Why don't we differentiate velocity wrt position in the Lagrangian?

Question

In Analytic Mechanics, the Lagrangian is taken to be a function of $x$ and $\dot{x}$, where $x$ stands for position and is a function of time and $\dot{x}$ is its derivative wrt time.

To set my question, lets consider motion of a particle along a line:

$$x: \mathbb{R} \to \mathbb{R} ~~as~~ t \mapsto x(t)$$

and take the Lagrangian to be:

$$L(x, \dot{x}) := \frac{1}{2}m\dot{x}^2 - V(x)$$

By applying the Euler-Lagrange equations:

$$ \frac{d}{dt}\left(\frac{\partial{L}}{\partial\dot{x}}\right) = \frac{\partial{L}}{\partial x}$$

we get back Newton's law of motion.

This follows formally where we consider $x$ and $\dot{x}$ as independent, but if we consider $\dot{x}$ as velocity, then it is indeed a function of position so when we partially differentiate $L$ wrt $x$ the $\dot{x}$-terms shouldn't vanish and this messes up the derivation.

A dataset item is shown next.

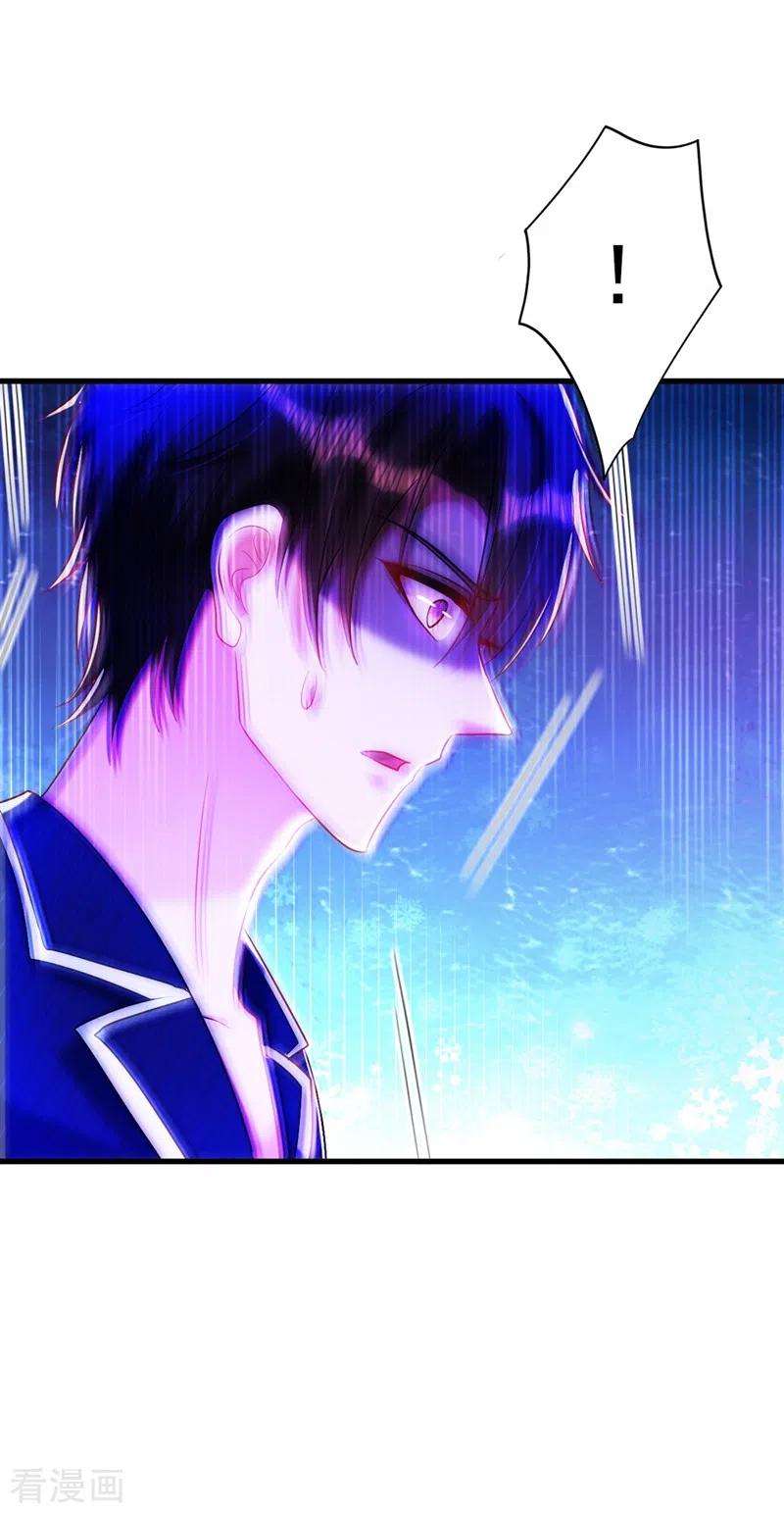 重生空间：豪门辣妻不好惹288话 我们一起睡吧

What am I misunderstanding?

edit

I am beginning to think that this is a non-question as some people seem to have suggested and I am being confused by the hand-wavy math in basic physics textbooks.

In the above example, let just consider $C$ to be the configuration space of the particle. Locally $C$ is given by the co-ordinate function $x: U \to \mathbb{R}$, the tangent bundle $\pi: TC \to C$ being locally trivial has as co-ordinate functions above $U$: $(x\circ \pi) \oplus dx: TU \to \mathbb{R^2}$.

We take the Lagrangian to be simply a functional: $TC \to \mathbb{R}$, which when written locally is in terms of $x$ and $\frac{\partial}{\partial x}$.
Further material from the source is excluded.